Web page caption snippets:

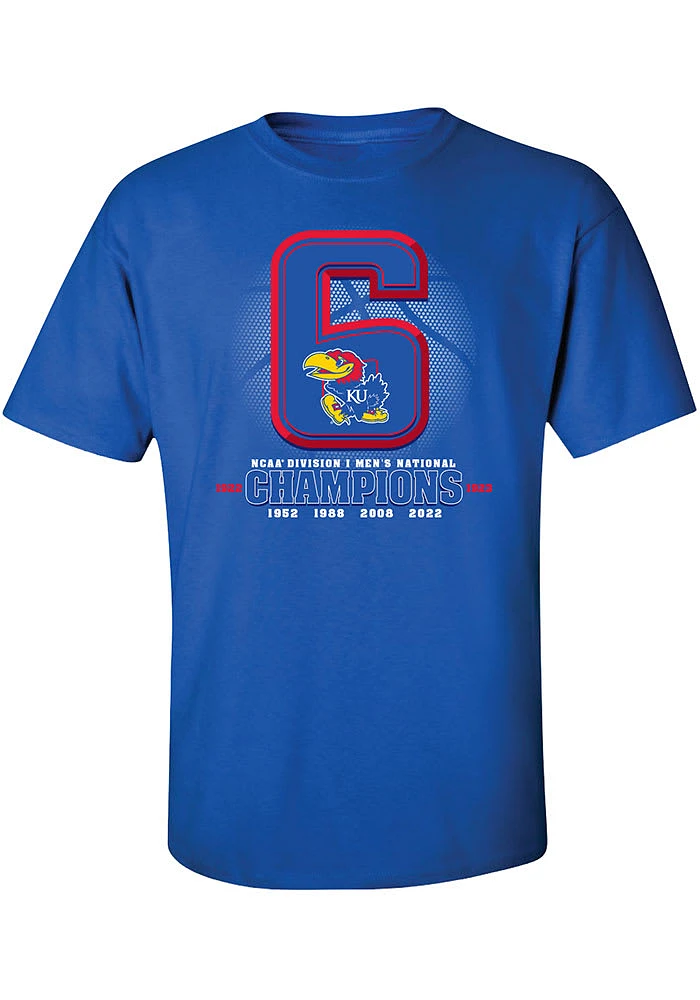 Kansas Jayhawks 2022 National Champions Six Time Short Sleeve T Shirt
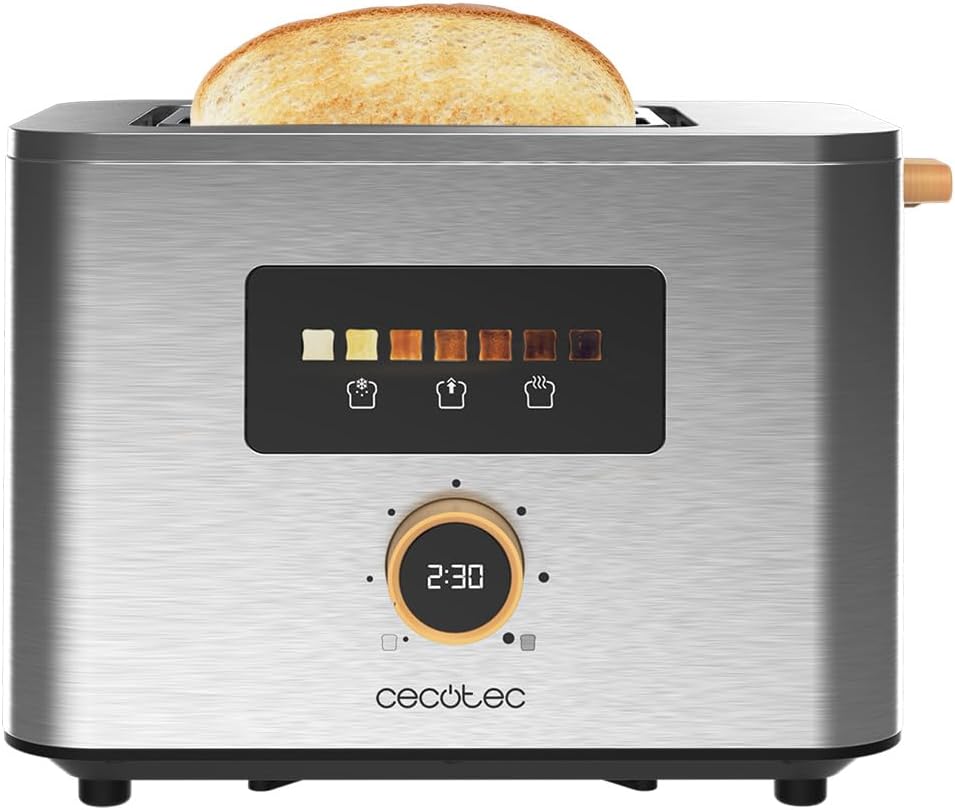Cecotec Vertikaler Toaster mit 2 Kurzschlitzen Touch&Toast Double, 950 W, 2 Scheiben Brot, Extra bre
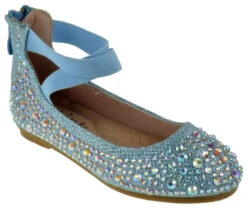 Larissa 83K Little Girls Rhinestone Elastic Strap Ballet Flats 29 Larissa 83K Little Girls Rhinestone Elastic Strap Ballet Flats -Bamboo Store Larissa83klightblue 1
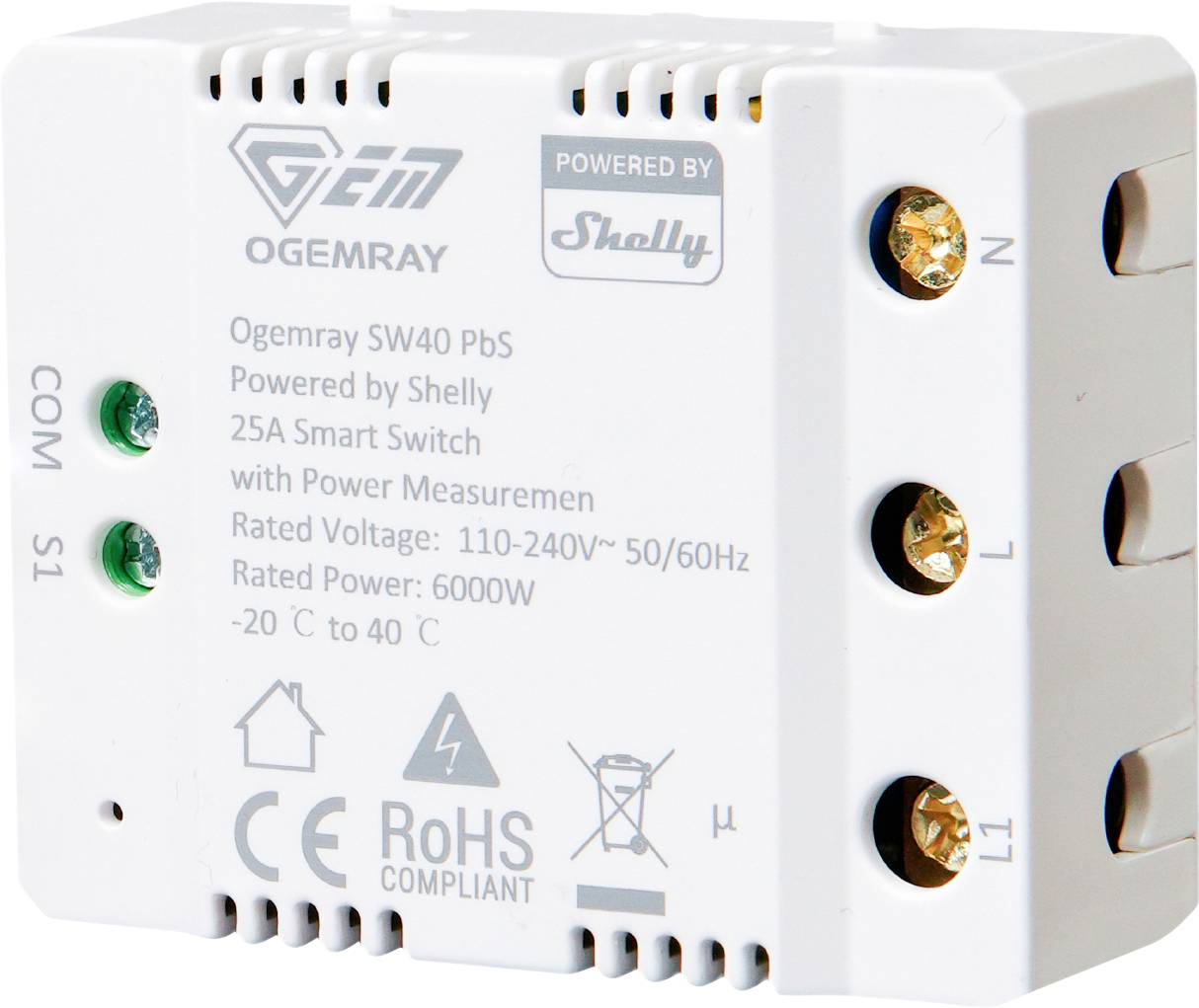 Shelly Ogemray smarter Relaisschalter 25 A Smart relä Bluetooth, Wi-Fi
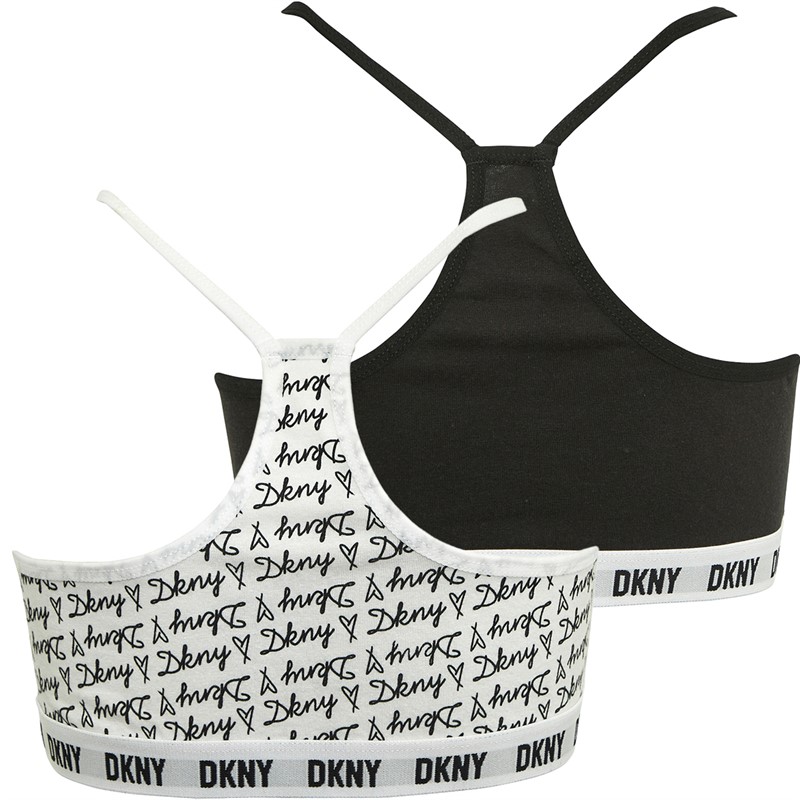 DKNY Girls Racer Two Pack Bralettes Black
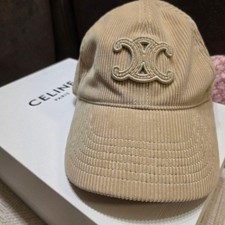 Celine Hat Hard To Obtain Corduroy Cap Beige M Limited Edition VHTF Designer Col
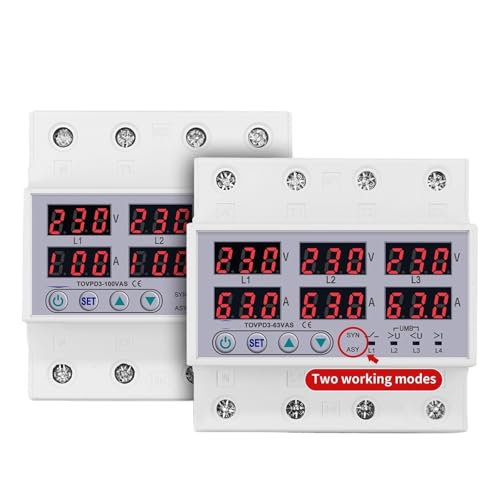Relais de protection courant triphasé 3P+N rail DIN 100A synchrone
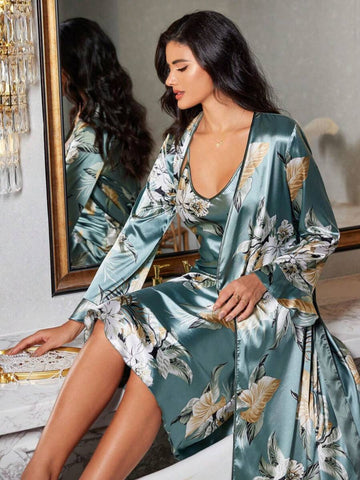 11001-Green Floral Satin Nightdress with Robe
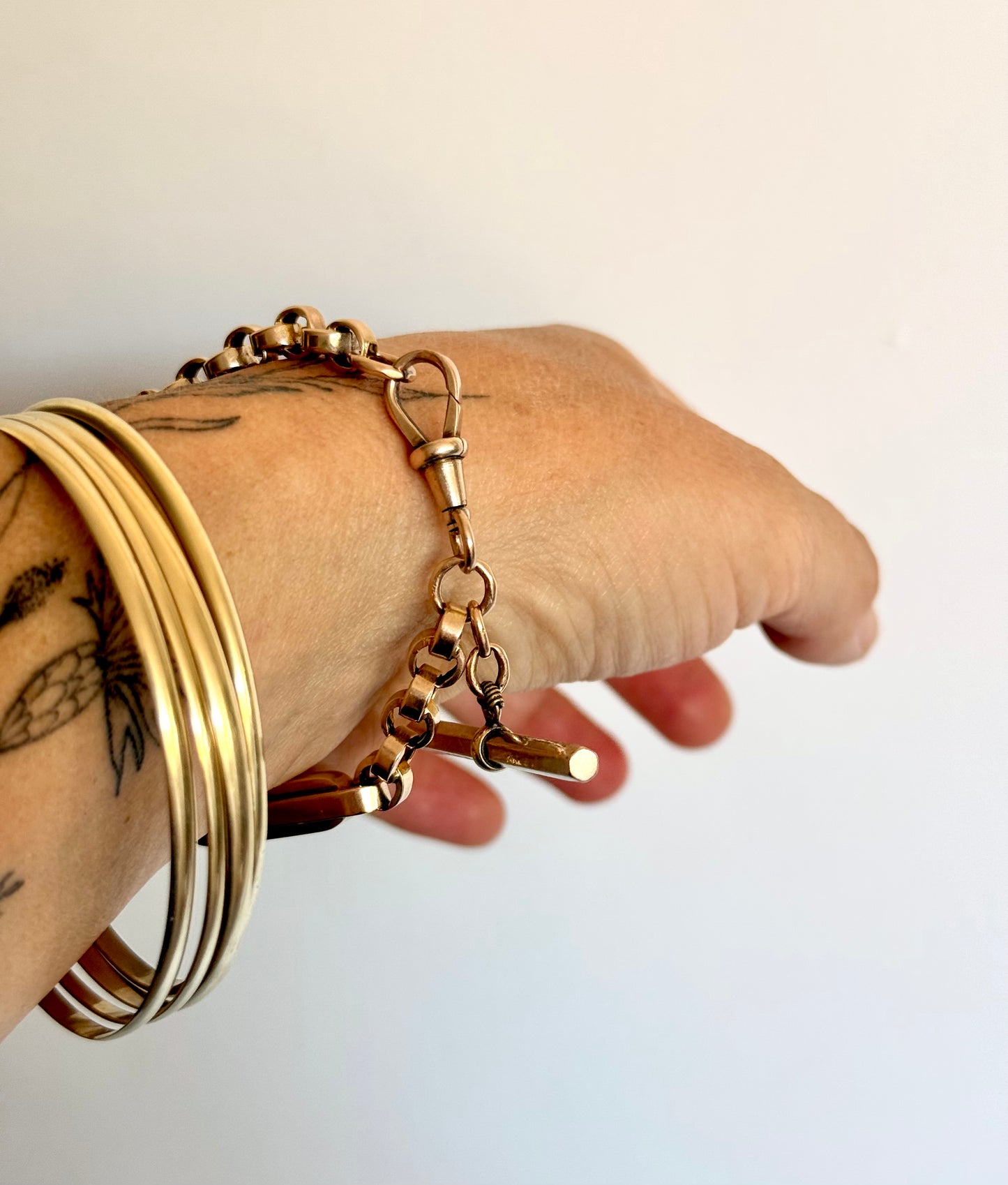 .1890s .1900s .9ct antique chunky gold fancy link double paper clip link fob chain with oversized T bar bracelet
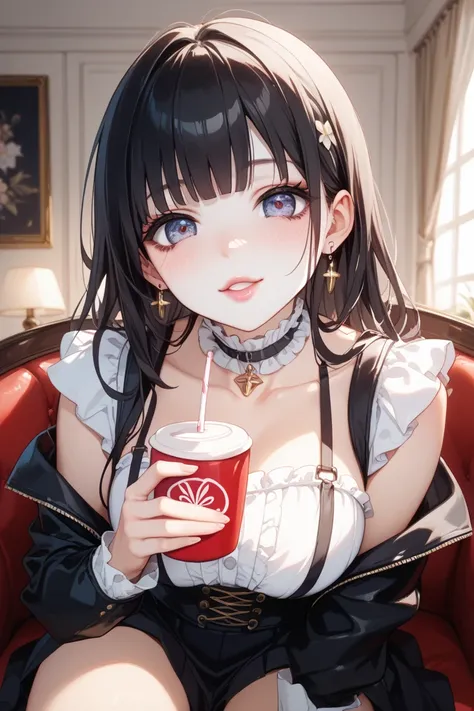 long black hair、big eyes with heavy makeup、Dark makeup、pale pink lips、  white skin、Three sizes 86-60-88、D cup bust、 Mine Girl、18 years old、Yandere and Yandere、Sickly cute、Sexy Poses、intimate atmosphere、neck chokers、 platform boots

Exercise goal:
Please output the data above exactly as given, omitting every picture.

Solution to this exercise:
 Kansas Jayhawks 2022 National Champions Six Time Short Sleeve T Shirt
Cecotec Vertikaler Toaster mit 2 Kurzschlitzen Touch&Toast Double, 950 W, 2 Scheiben Brot, Extra bre
 Larissa 83K Little Girls Rhinestone Elastic Strap Ballet Flats 29 Larissa 83K Little Girls Rhinestone Elastic Strap Ballet Flats -Bamboo Store Larissa83klightblue 1
 Shelly Ogemray smarter Relaisschalter 25 A Smart relä Bluetooth, Wi-Fi
 DKNY Girls Racer Two Pack Bralettes Black
 Celine Hat Hard To Obtain Corduroy Cap Beige M Limited Edition VHTF Designer Col
Relais de protection courant triphasé 3P+N rail DIN 100A synchrone
 11001-Green Floral Satin Nightdress with Robe
 .1890s .1900s .9ct antique chunky gold fancy link double paper clip link fob chain with oversized T bar bracelet
 long black hair、big eyes with heavy makeup、Dark makeup、pale pink lips、  white skin、Three sizes 86-60-88、D cup bust、 Mine Girl、18 years old、Yandere and Yandere、Sickly cute、Sexy Poses、intimate atmosphere、neck chokers、 platform boots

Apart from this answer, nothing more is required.